C’est un travail de retrouver, dans le recueil si souvent imprimé sous le nom d’Anacréon, ce qui appartient en propre à l’ami de Polycrate, et ce qui est l’œuvre de ses imitateurs, l’œuvre de l’école anacréontique. Tous les petits poëmes qui le composent se recommandent par des mérites divers ; à aucun la grâce ne fait défaut, et c’est par là qu’ils ne sont pas indignes de la place qu’ils ont usurpée. Mais plusieurs ont trop d’esprit, et sentent déjà l’affectation et la manière ; plusieurs ont une tournure quelque peu épigrammatique et visant à la pointe : tous signes auxquels se reconnaît une époque plus sophistique et plus raffinée que le siècle où vivait Anacréon. La vraie poésie d’Anacréon est simple, naïve, savante dans la forme mais sans pédanterie, forte et vigoureuse quelquefois, doucement pathétique, gracieuse, et, comme l’héroïne d’Homère, mêlant une larme à son sourire.

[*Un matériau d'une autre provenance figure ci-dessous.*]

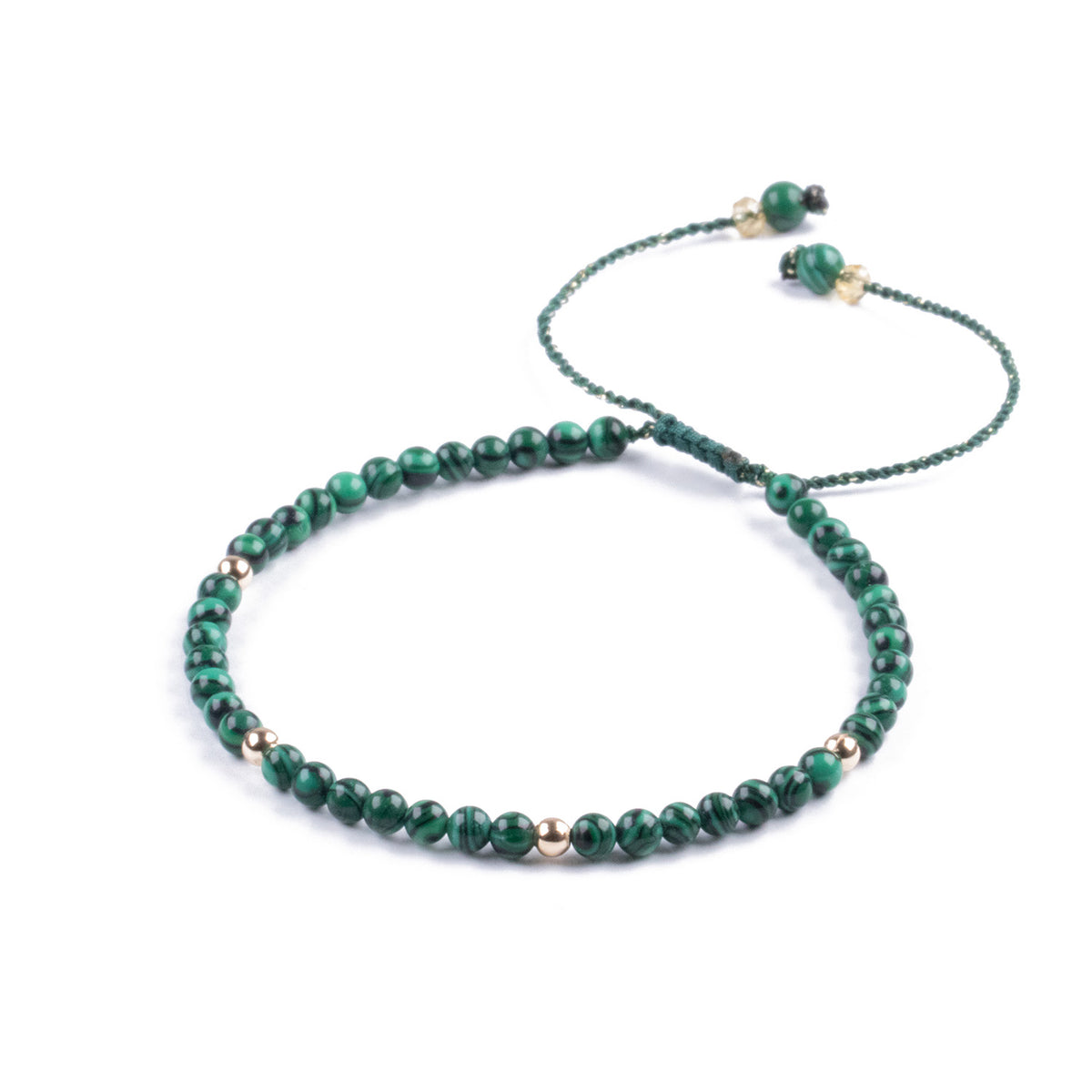 Pulsera de piedra natural 3mm con cuentas de Malaquita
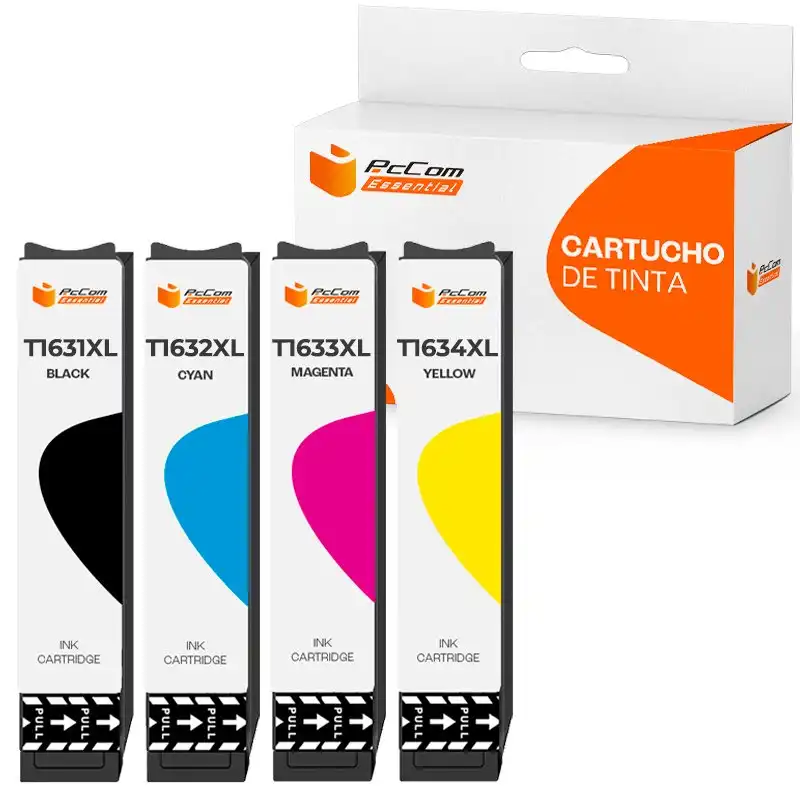 Pccom Essential Cartucho Tinta Compatible Epson T1631/T1632/T1633/T1634/16XL Negro/Cian/Magenta/Amarillo Pack 4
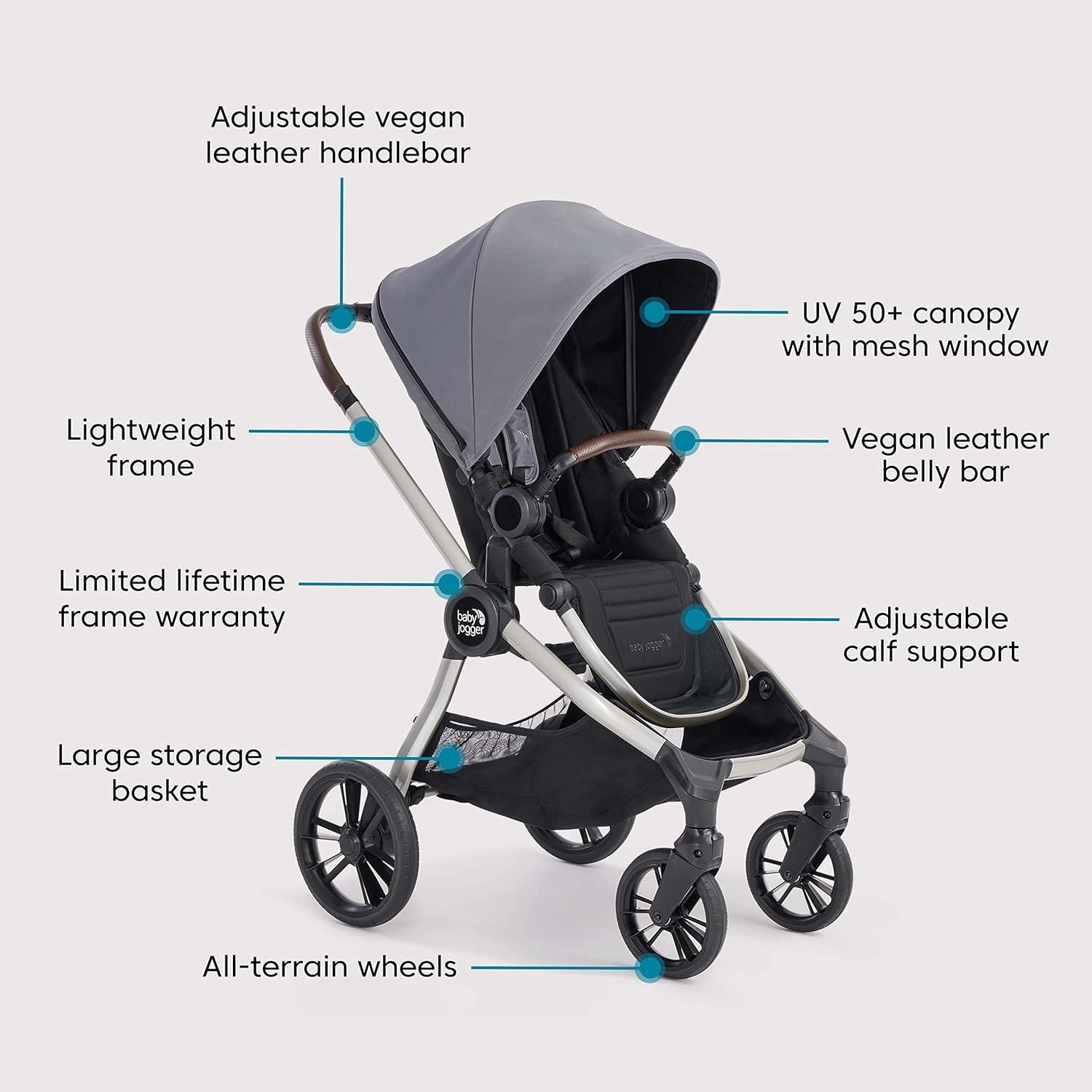 imageBaby Jogger City Sights Stroller Convertible Stroller with Compact Fold Dark SlateDark Slate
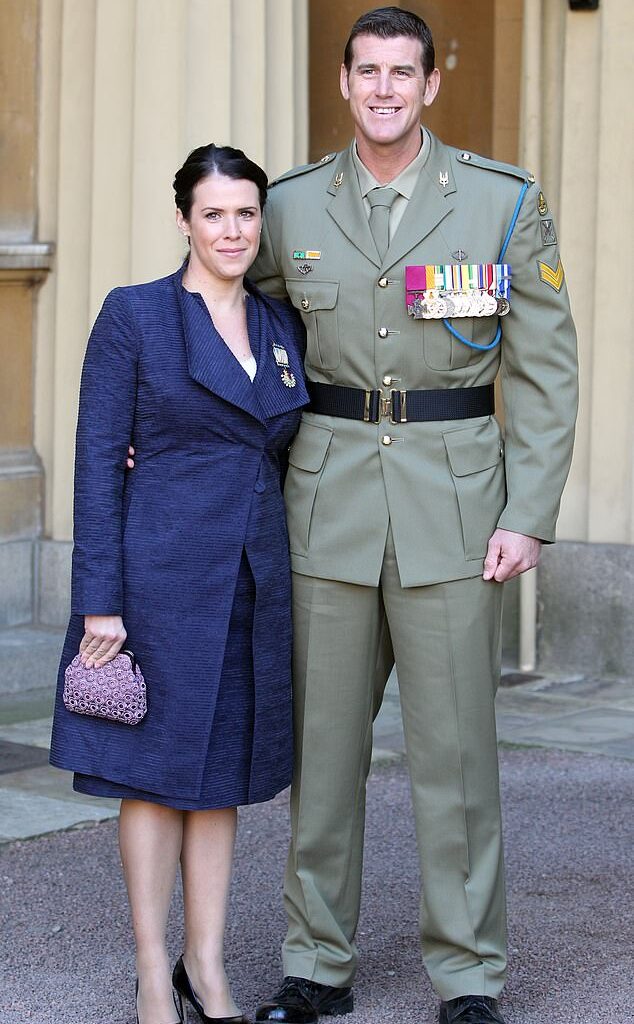 Ben Roberts-Smith and his then wife Emma in 2011 following an audience with Queen Elizabeth II after being presented with the Victoria Cross earlier in the year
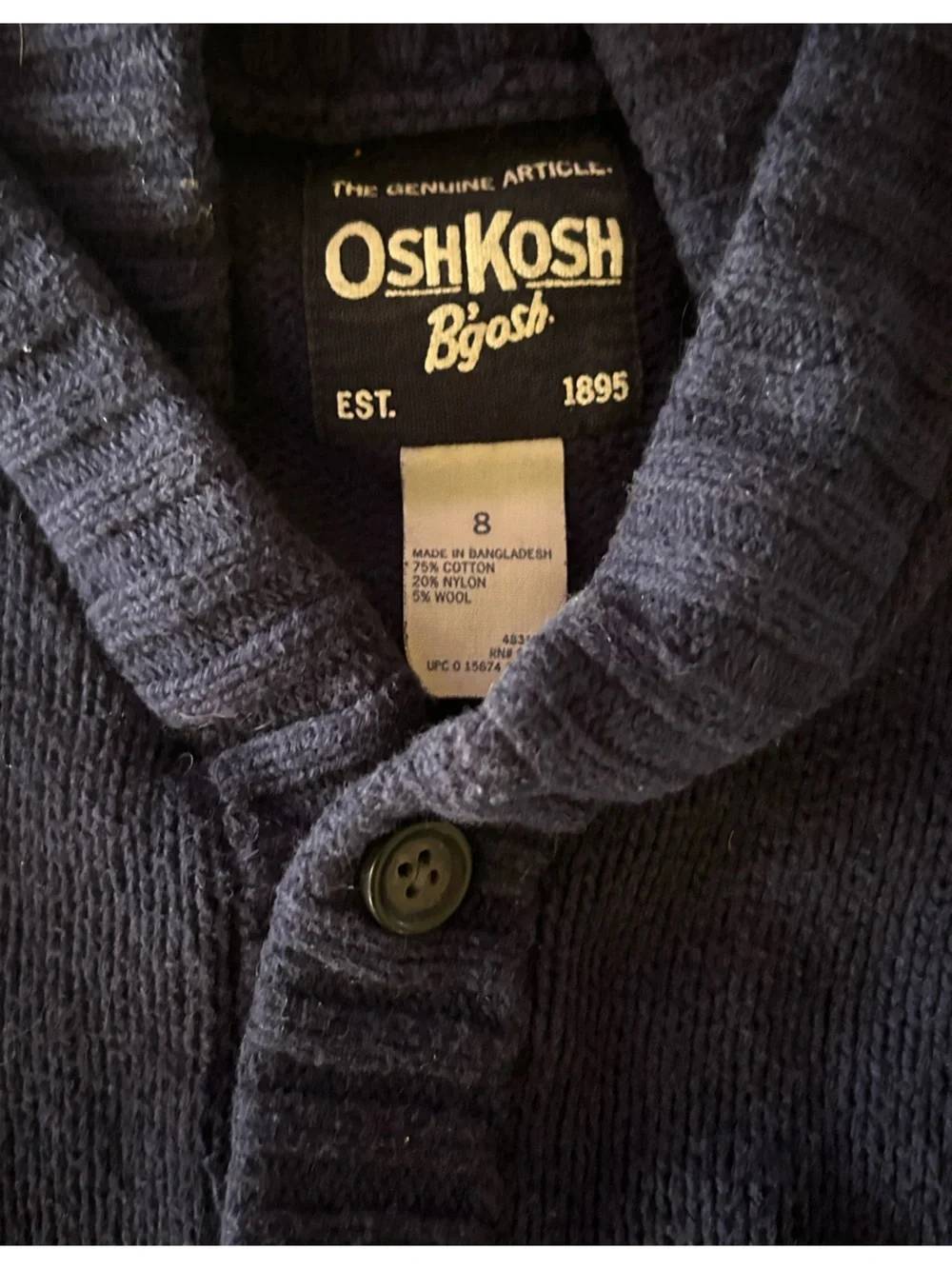 OshKosh B'gosh Navy Blue ButtOshKosh B'gosh Navy Blue Button Up Cardigan Sweater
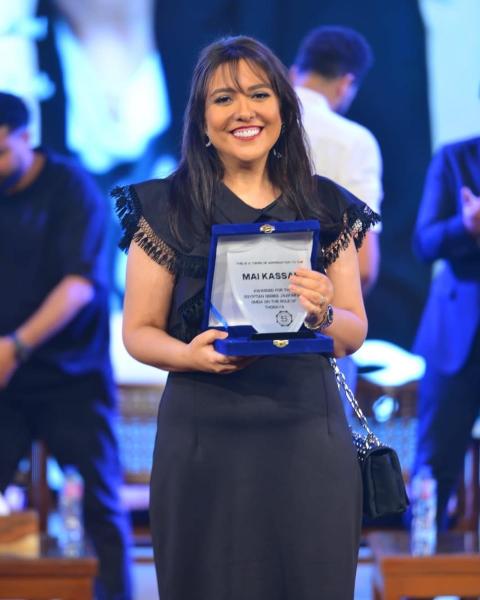 بعد تكريمها عن دورها في جعفر العمدة.. مي كساب تشكر الجمهور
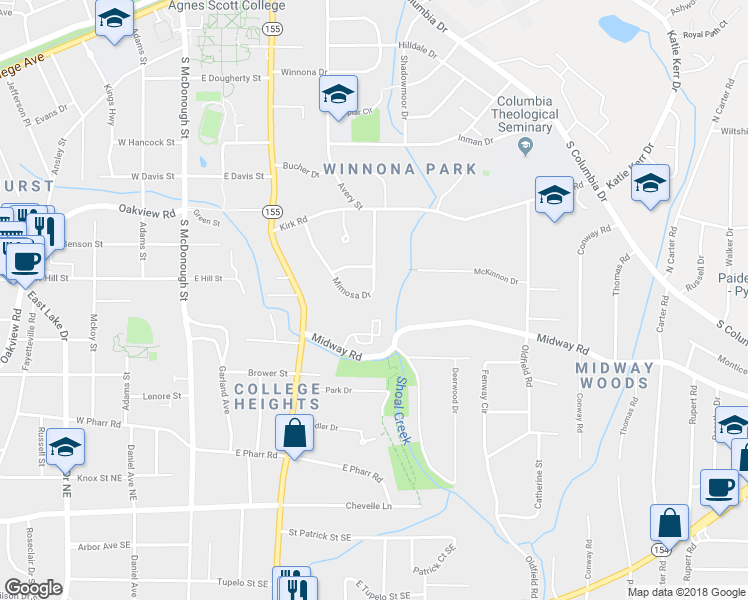 map of restaurants, bars, coffee shops, grocery stores, and more near 345 Mimosa Drive in Decatur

Il y a d’autres raisons encore qui infirment l’authenticité de la plus grande partie des odes du recueil. Les auteurs anciens ont maintes fois cité Anacréon ; et, sur cent cinquante passages et plus qu’ils ont transcrits, c’est à peine si un seul appartient à un des poëmes que nous connaissons. Les personnages sont bien, par le nom, de ceux qu’Anacréon avait célébrés dans ses vers ; mais ces personnages semblent avoir perdu leur réalité individuelle, et n’être plus que des types sur lesquels se sont exercés à leur tour, et par un passe-temps purement littéraire, les poëtes anacréontiques. Tout a le même vague, le même air de lieu commun. C’est toujours l’éloge de l’amour ou du vin, la puissance du fils de Cypris, et d’autres sujets généraux, sans rien qui rappelle aucun événement particulier, et qui soit la marque propre du temps où vivait Anacréon. Or, le géographe Strabon dit positivement, à propos de Samos, que les poëmes d’Anacréon sont pleins d’allusions au tyran Polycrate. Il n’est pas jusqu’à l’Amour lui-même, dont les anacréontiques n’aient tracé des images assez peu conformes aux traits que lui donne le véritable Anacréon : « L’Amour, disait quelque part le poëte, m’a frappé, comme eût fait un forgeron, de sa grande cognée, et il m’a fait prendre un bain dans le torrent glacé. » On voit que le maître devant lequel tremblait Anacréon était un peu plus redoutable que le petit dieu malin des anacréontiques. Enfin, des critiques habiles ont remarqué, dans la plupart des odes du recueil, des imperfections de toute sorte : ici, la diction est prosaïque et presque barbare ; là, les lois de la versification n’ont pas été respectées ; plus loin, il y a autre chose. Mais ce qui frappe au premier coup d’œil, c’est, dans les fragments qui suivent les pièces entières, c’est-à-dire dans ce qui est incontestablement d’Anacréon, une infinie variété de mètres, et dans les odes, au contraire, la monotone répétition du petit vers ïambique dimètre catalectique, le plus simple, le plus facile, et on peut dire le plus vulgaire de tous les mètres connus : presque toutes les odes en sont uniquement composées.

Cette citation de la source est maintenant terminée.